PROBLEM REQUIREMENTS: Apart from the pictures, the listing is to be returned exactly.

INPUT DATA:
'''
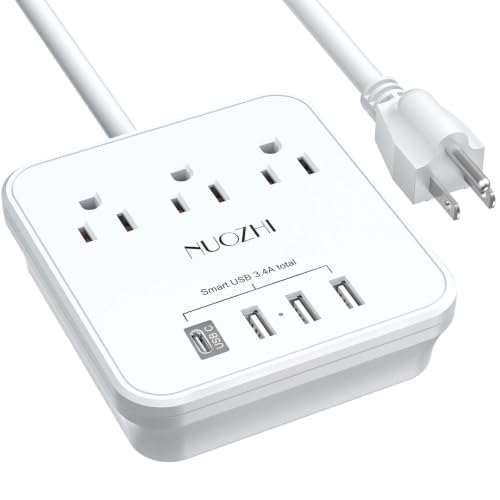 Cruise Essentials, NUOZHI 6 Ft Power Strip with 3 Outlets and 4 USB Ports...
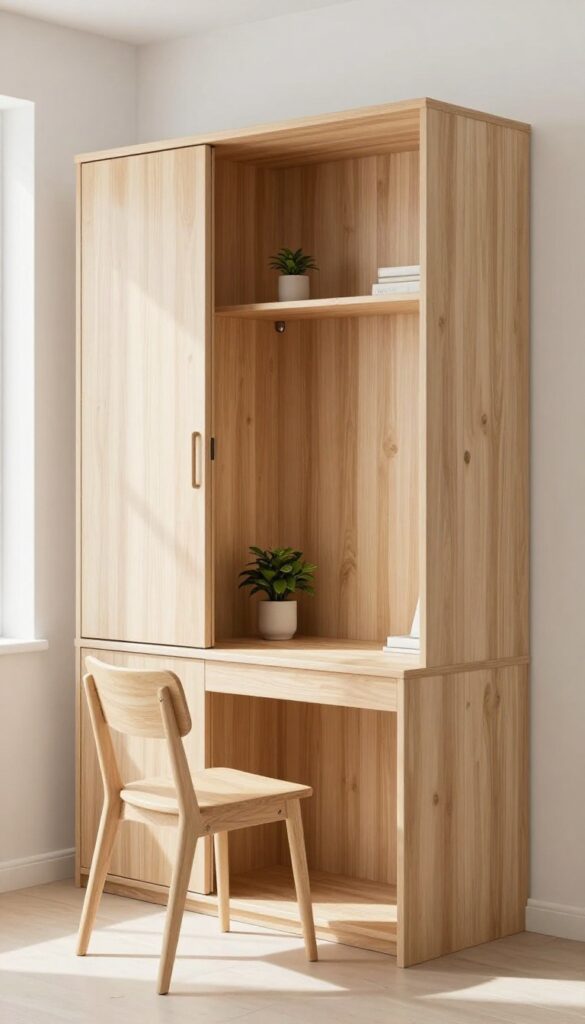 Warm wood paneling behind a Murphy bed in a home office with a desk and plant.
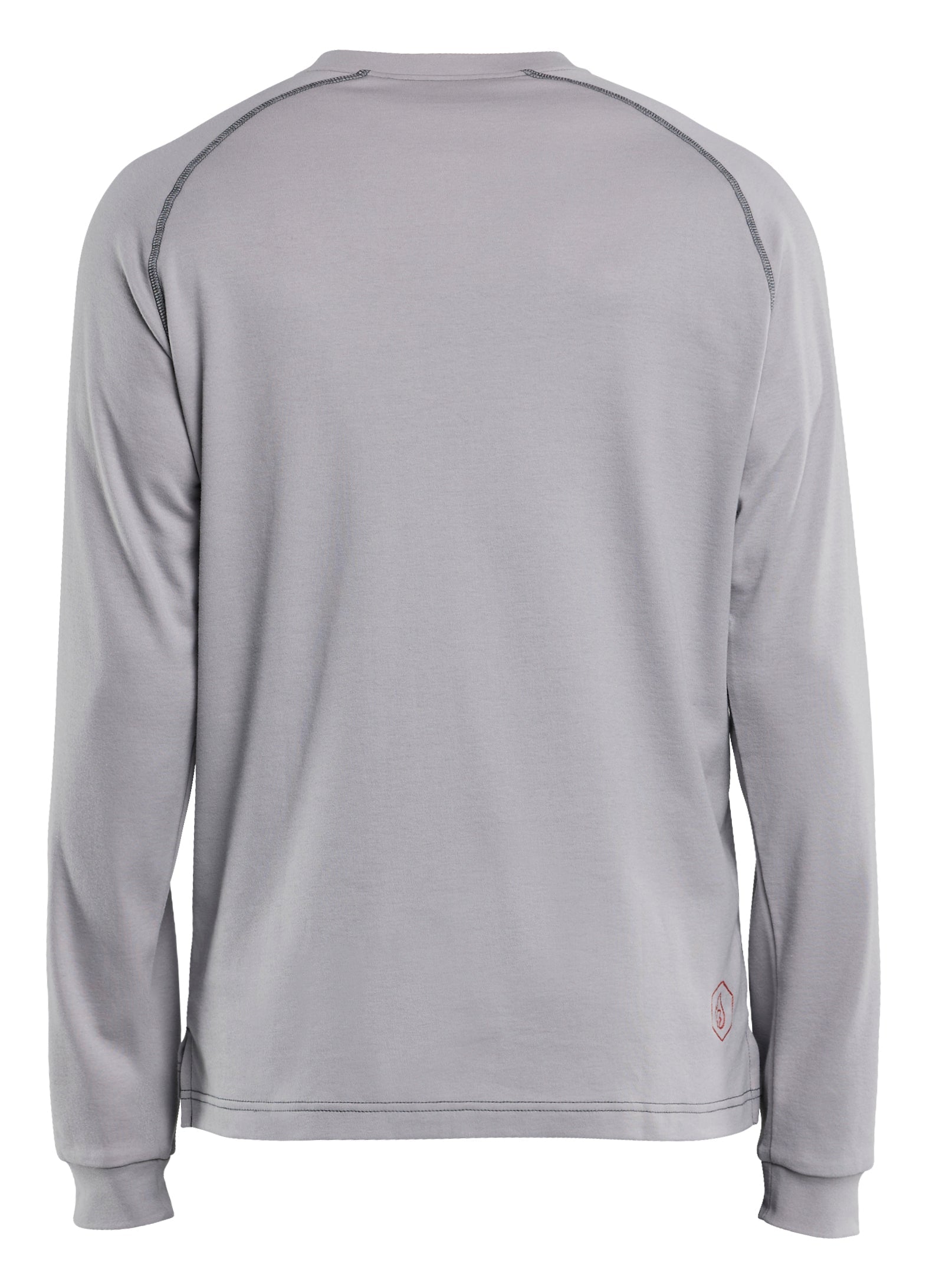 Back view of Blaklader FR Henley Shirt in light grey color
'''
EXERCISE RESULT:
 Cruise Essentials, NUOZHI 6 Ft Power Strip with 3 Outlets and 4 USB Ports...
 Warm wood paneling behind a Murphy bed in a home office with a desk and plant.
 Back view of Blaklader FR Henley Shirt in light grey color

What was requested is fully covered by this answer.